My friends, the guys that produce Fat White‘s, had this tiny little independent label, they were like acid house dudes. They stopped doing that for a decade or two. This small indie label that we were on, about ten years ago, started making these acid tracks again and moving back towards dance music. They asked me to do some vocals on all of these tracks and it was loads of fun. And every now and then I would be like, I call it kind of getting my gimp on. You know, it’s kind of homoerotic, kind of like just tap into that kind of gap, you know, it’s all kind of highly affecting in high pitch kind of vocals. No, it’s just sex music. Sex club, weird, do weird shit with your body kind of music. But I really enjoyed making it. I always found it was kind of like an outlet. So it was like a bit of a holiday doing that band. Every few months, in the end, they would say, “I’ve got some new tracks come down and sing on this” , and you just make things up as you go along with that. We did this for enough years that an album just appeared out of nothing without any effort whatsoever, you know? So then it’s like, Oh, let’s do it.

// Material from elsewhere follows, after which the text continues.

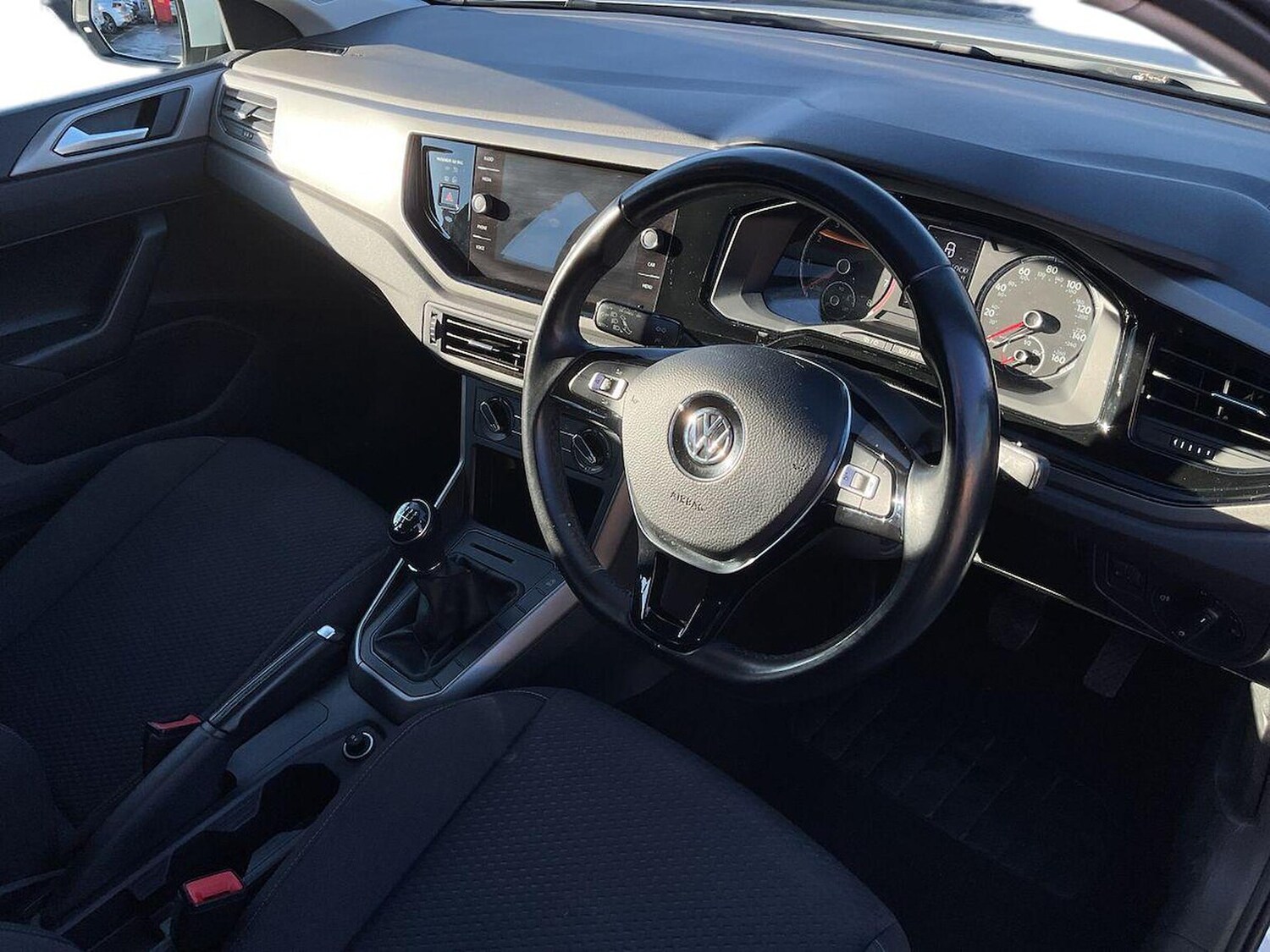 Used Volkswagen Polo 2018 for sale - 76655876: Photo 15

SOB: It’s kind of a holiday without drama? 

It’s completely drama free. 100% drama free. There’s drama but never interpersonal, it’s the opposite of that. If I didn’t know the project, I would run and I would never do that again.

SOB: About historical feuds, you’ve played with Pete Doherty… What do you think about The Libertines’ comeback?

I was a young bloke in London around the time that they were popular. I think they’d just put their second album out. But they were so famous, I kind of resented it like you do at this age. Anything too famous is just not cool. But then I kind of liked it, I kind of got into that weird mythos and stuff. And then I think Fat Whites was, you know, I think the Post Libertines period, there was all this schlocky romantic kind of English kind of stuff. There was a lot of bad stuff followed in its wake. I think Fat Whites were a bit of a reaction against that. It was kind of more like our own kind of cartoon industrial kind of singing or that kind of thing, as opposed to the kind of more twee version, I think. But now that another ten years have gone by, I kind of look at it with fondness, actually, I’ve got a bit of warmth for it and recently I have had a period of warmth. I mean there were some weird things about Pete Doherty, it’s a strange story. I just got kind of a bit of sweetness about the bloke,I liked him, straight off the bat! I think it’s pretty fucking nuts. The stuff you must’ve been through, you know? 

SOB: I don’t know if you’ve been following the news recently, but what’s your guess on what happened to Kate Middleton?

This is news to me. Maybe she’s in Peru or something or maybe she’s fucking sick of it. Maybe she’s shagging Harry. Maybe her and Prince Andrew, maybe they bought Epstein Island. They’ve set up shop and there’s a revival there.. I mean, if she’s like the new Maxwell, they’ve got a whole thing going out there !

SOB: I was wondering about the melody of the last song, it sounds like out of Cinderella

Is it from Cinderella? I think it’s definitely got something to do with Cinderella. Yeah, because I didn’t write the melody, Alex White did. Officially it’s not. But I mean, I guess it’s similar to it. You know, I’m sure he was deliberately ripping that off. You know what could be more final than that? If it is the last album, then it’s good to go out with Cinderella. She meets her prince and he still loves her with her rags on… That’s a good way to end, you know. That’s a good reference to bring.